Malaysia, the second biggest palm oil producer after Indonesia, is a home to 2.43 million hectares of peatland, 27.5 percent of which has been developed into palm oil plantation, while Indonesia with production of 23 million tons last year is a home to 16 million hectares of peatland with 1.6 million hectares of it developed.

Unlike Indonesia which prefers to follow the mainstream views of the environmentalists and has decided to launch a moratorium on new development on peatland since 2011, Malaysia fully supports its palm oil industry who have tried to prove that peatland cannot be classified as “sacred land”.

The Malaysian government established the Tropical Peat Research Laboratory (TPRL) in Serawak state to facilitate its scientists to conduct research on the economic and environmental aspects of peatland development.

They claimed that they have managed to eradicate the negative impacts of peatland exploitation. However, their arguments were nearly unheard as they were inundated by the mainstream opinion of the environmentalists.

Militant environmentalists have long believed any peatland exploitation would cause serious problems—land subsidence, water scarcity, forest fires, flooding and worsen global warming. They disapprove of any peatland exploitation—either for producing raw materials such as fertilizer, agricultural media and biomass briquettes or for plantation purposes.

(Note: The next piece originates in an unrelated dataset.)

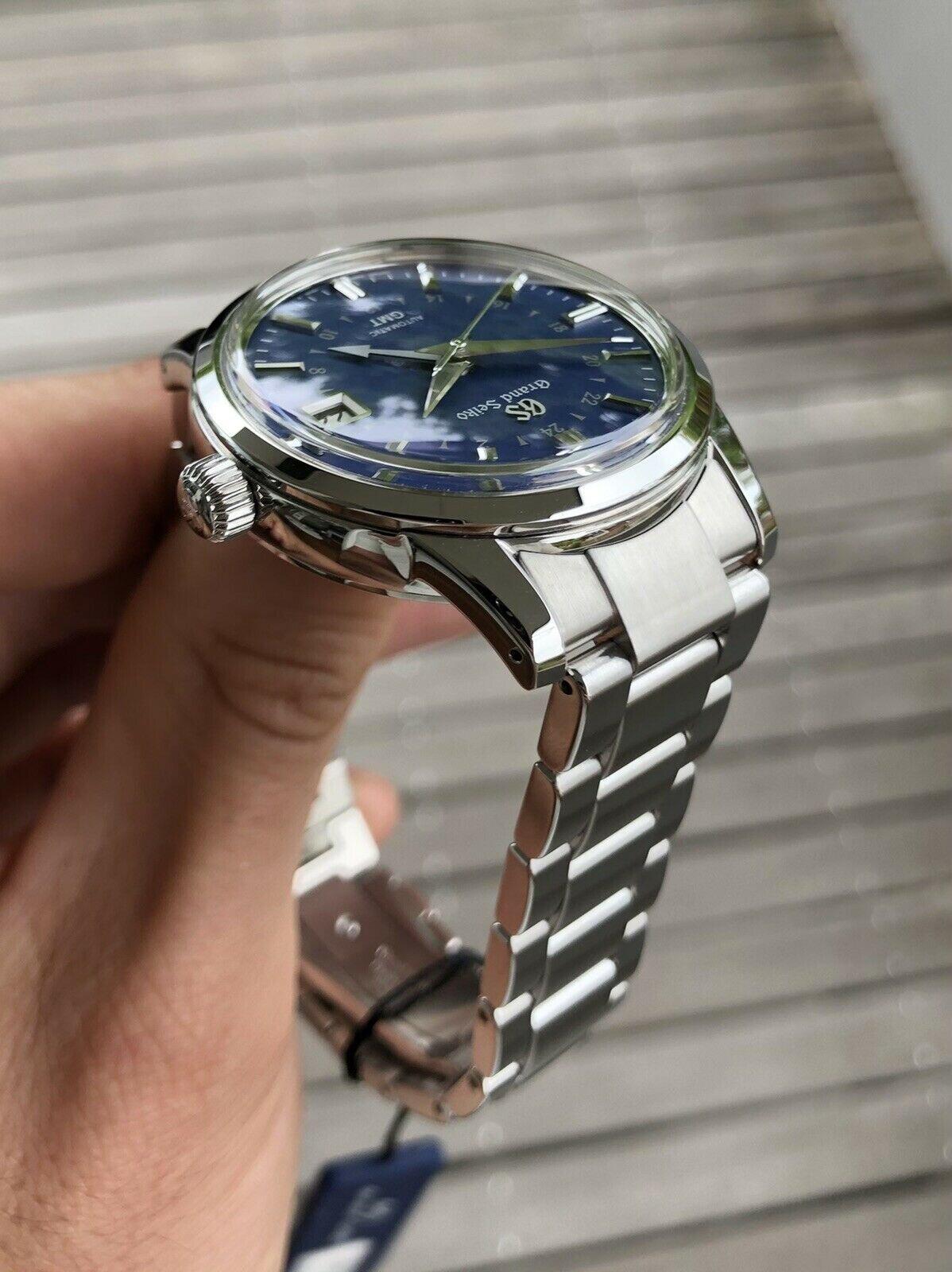 Grand Seiko Automatic GMT SBGM239 Limited Edition For HODINKEE - 2020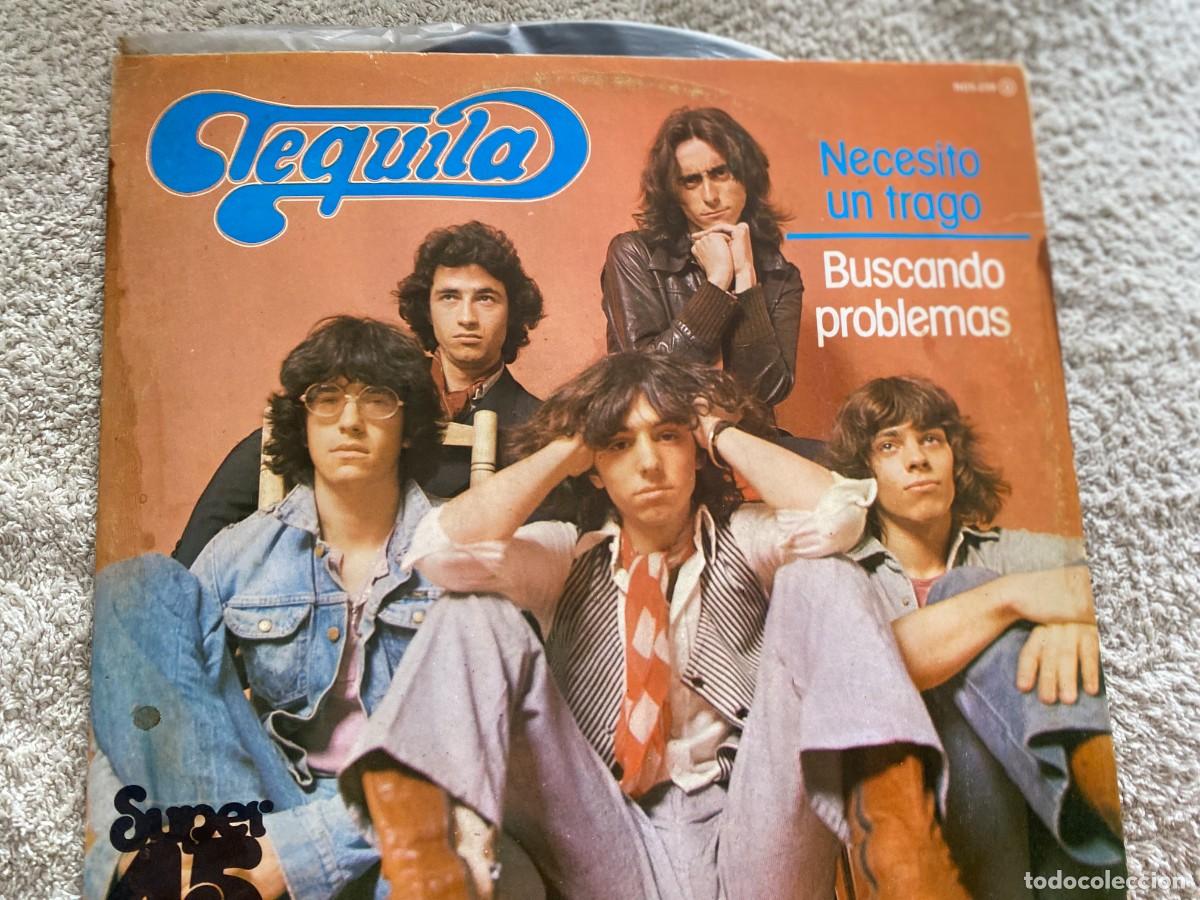 Discos de vinilo: 12 MAXI - TEQUILA - NECESITO UN TRAGO - Foto 1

In trying to get attention from other parts of the world, Malaysia lobbied members of the International Peat Society (IPS) so that the peatland country could host the International Peat Congress. As a result, the 15th congress was held in the Sarawak state capital of Kuching from Aug. 16 to 19, attended by hundreds of scientists, the first ever peatland congress in Asia since its first edition in 1954 in Dublin.

“We want it to be organized here because anytime a peatland congress was organized in Europe, Malaysia and Indonesia were always ‘hit black and blue’. We were accused of being criminals against the environment,” Lulie Melling, a TPRL director and chief of the congress’s steering committee, told The Jakarta Post on the sidelines of the congress.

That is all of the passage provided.